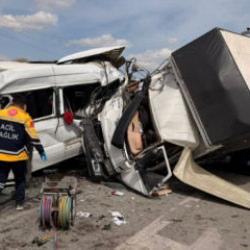 Kırşehir'de kırmızı ışıkta korkun&ccedil; kaza: &Ccedil;ok sayıda yaralı var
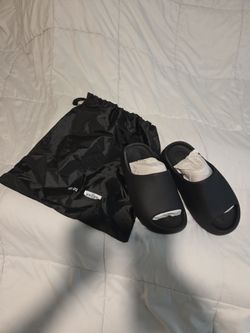 Yeezy Slide Black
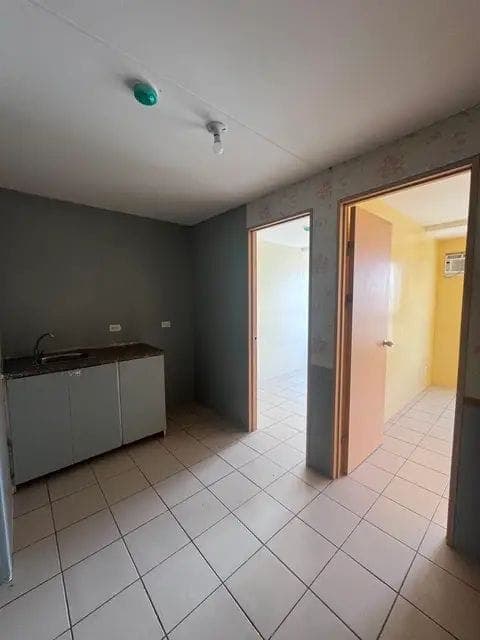 Condo for rent (2BR) Bare Unit with 2AC - photo 2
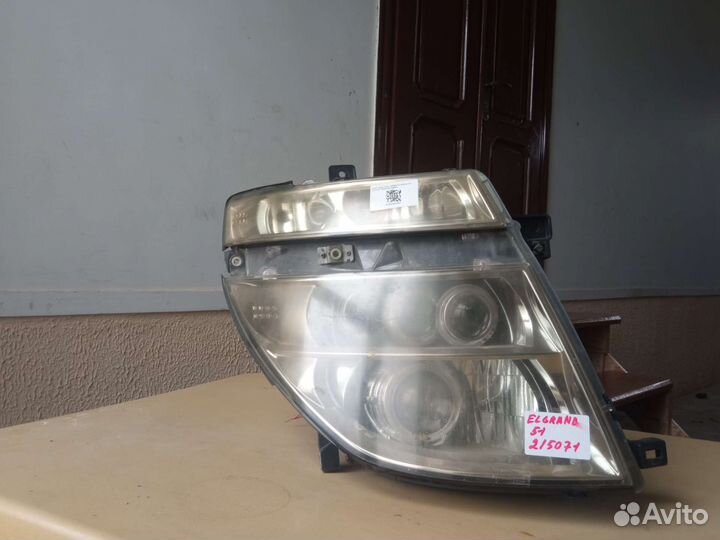Фара Nissan Elgrand 51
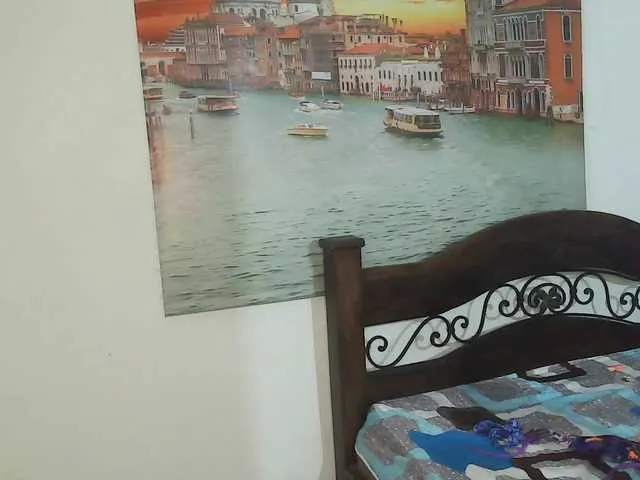 Live sex webcam photo for Caroline134 #269299284
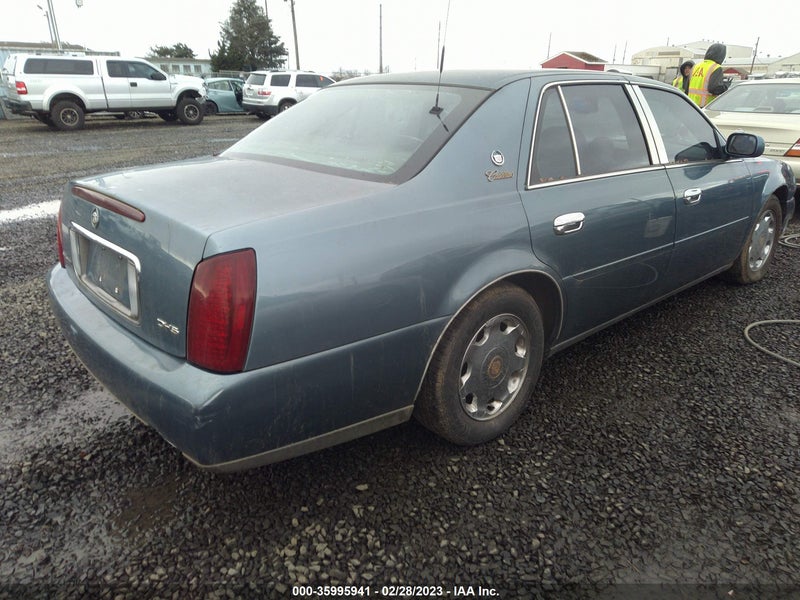 Cadillac DeVille 2000г.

REQUIRED ACTION:
Reproduce, word for word, every line from the one that contains "Yeezy Slide Black" to the end of the data, including both ends; omit all pictures.

WORKED SOLUTION:
 Yeezy Slide Black
 Condo for rent (2BR) Bare Unit with 2AC - photo 2
Фара Nissan Elgrand 51
 Live sex webcam photo for Caroline134 #269299284
 Cadillac DeVille 2000г.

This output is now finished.